EXERCISE DESCRIPTION: Exact reproduction is required for the lines below starting at the line with "Grill'd Burgers - Cockburn" and ending at the line with "Chevrolet Niva I", both included. No other lines, and no pictures.

DATA SUPPLIED:
+--

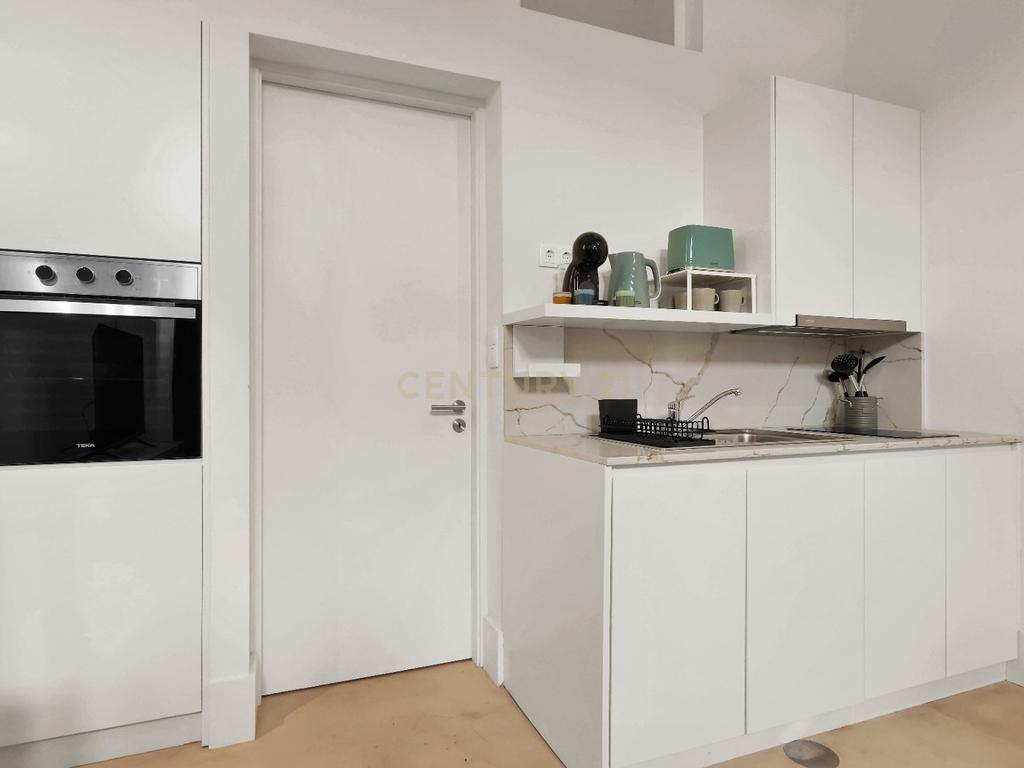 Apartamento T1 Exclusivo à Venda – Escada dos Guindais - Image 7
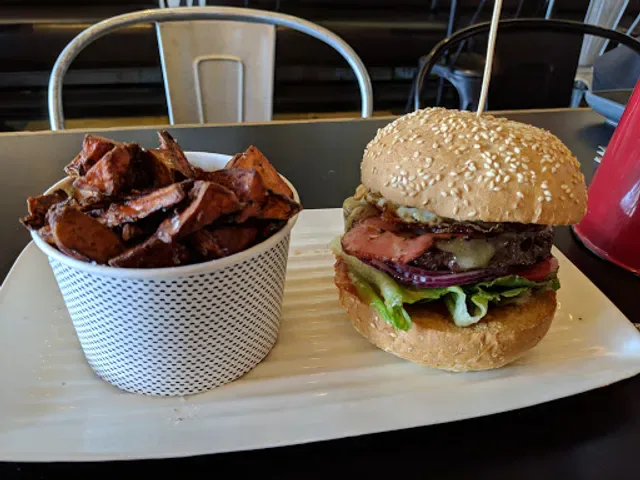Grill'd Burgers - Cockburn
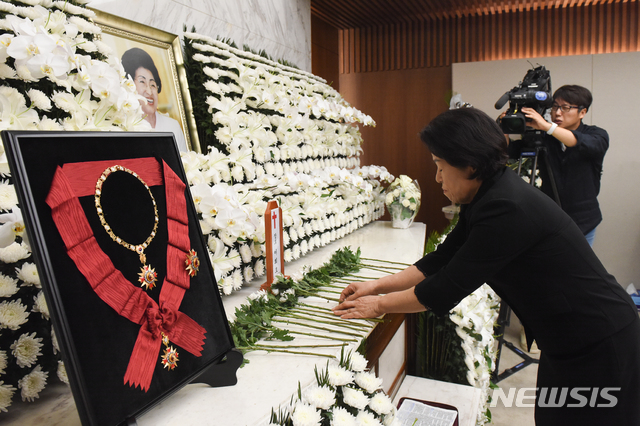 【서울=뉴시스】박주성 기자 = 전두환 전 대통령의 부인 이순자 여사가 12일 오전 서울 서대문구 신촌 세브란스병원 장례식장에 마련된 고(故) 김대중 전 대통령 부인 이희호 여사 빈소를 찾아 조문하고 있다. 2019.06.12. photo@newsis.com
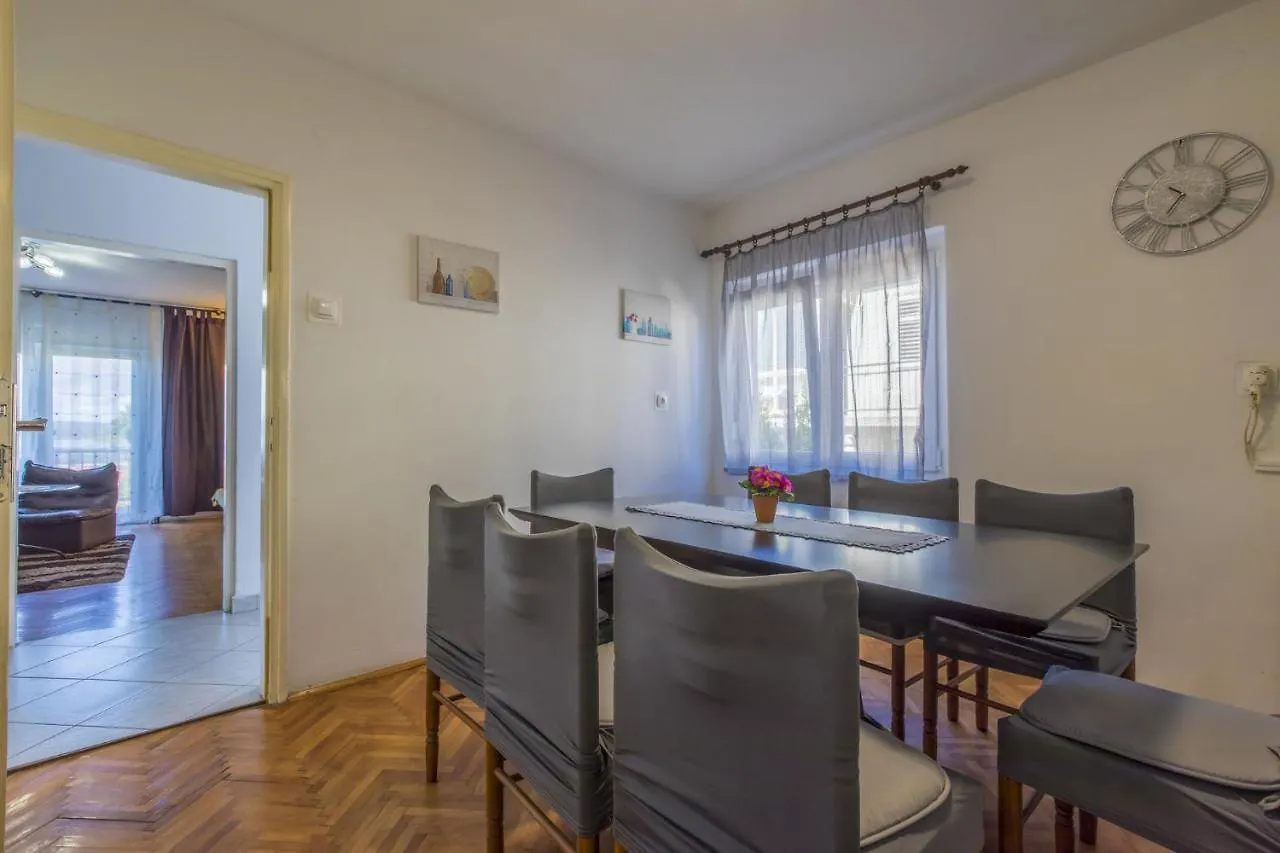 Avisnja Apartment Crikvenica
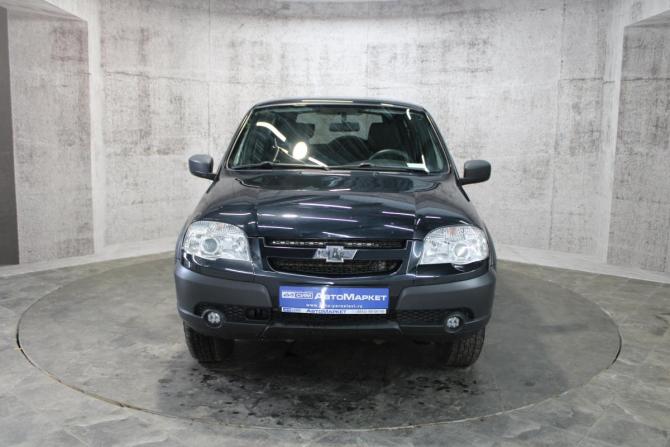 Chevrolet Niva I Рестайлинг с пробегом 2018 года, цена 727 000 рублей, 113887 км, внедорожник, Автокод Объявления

+--

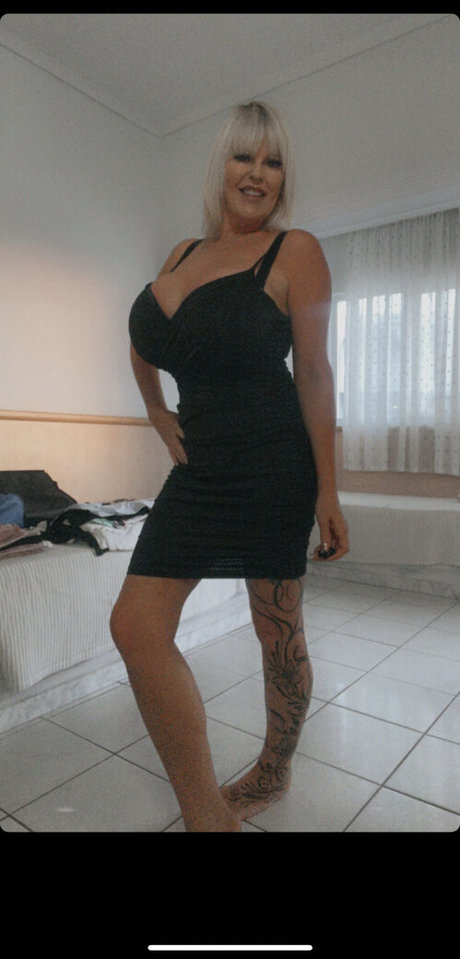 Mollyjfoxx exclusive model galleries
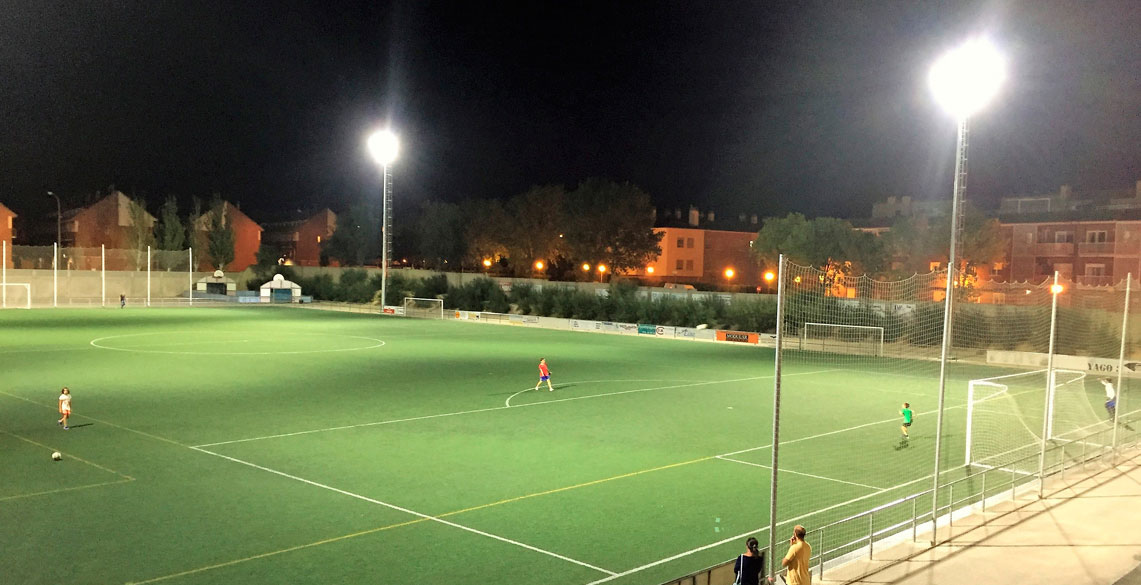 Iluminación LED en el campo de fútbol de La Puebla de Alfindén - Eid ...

+--

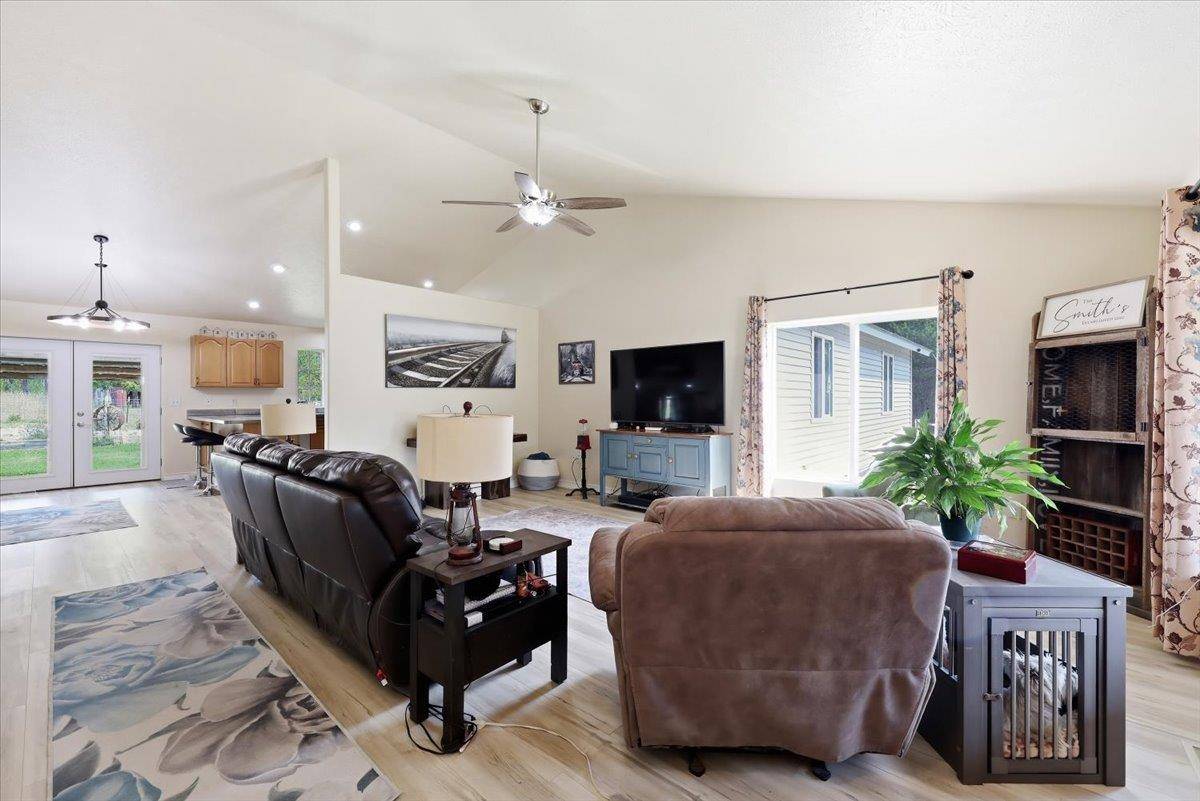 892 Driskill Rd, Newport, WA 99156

+--

SOLUTION FOR THIS TASK:
Grill'd Burgers - Cockburn
 【서울=뉴시스】박주성 기자 = 전두환 전 대통령의 부인 이순자 여사가 12일 오전 서울 서대문구 신촌 세브란스병원 장례식장에 마련된 고(故) 김대중 전 대통령 부인 이희호 여사 빈소를 찾아 조문하고 있다. 2019.06.12. photo@newsis.com
 Avisnja Apartment Crikvenica
 Chevrolet Niva I Рестайлинг с пробегом 2018 года, цена 727 000 рублей, 113887 км, внедорожник, Автокод Объявления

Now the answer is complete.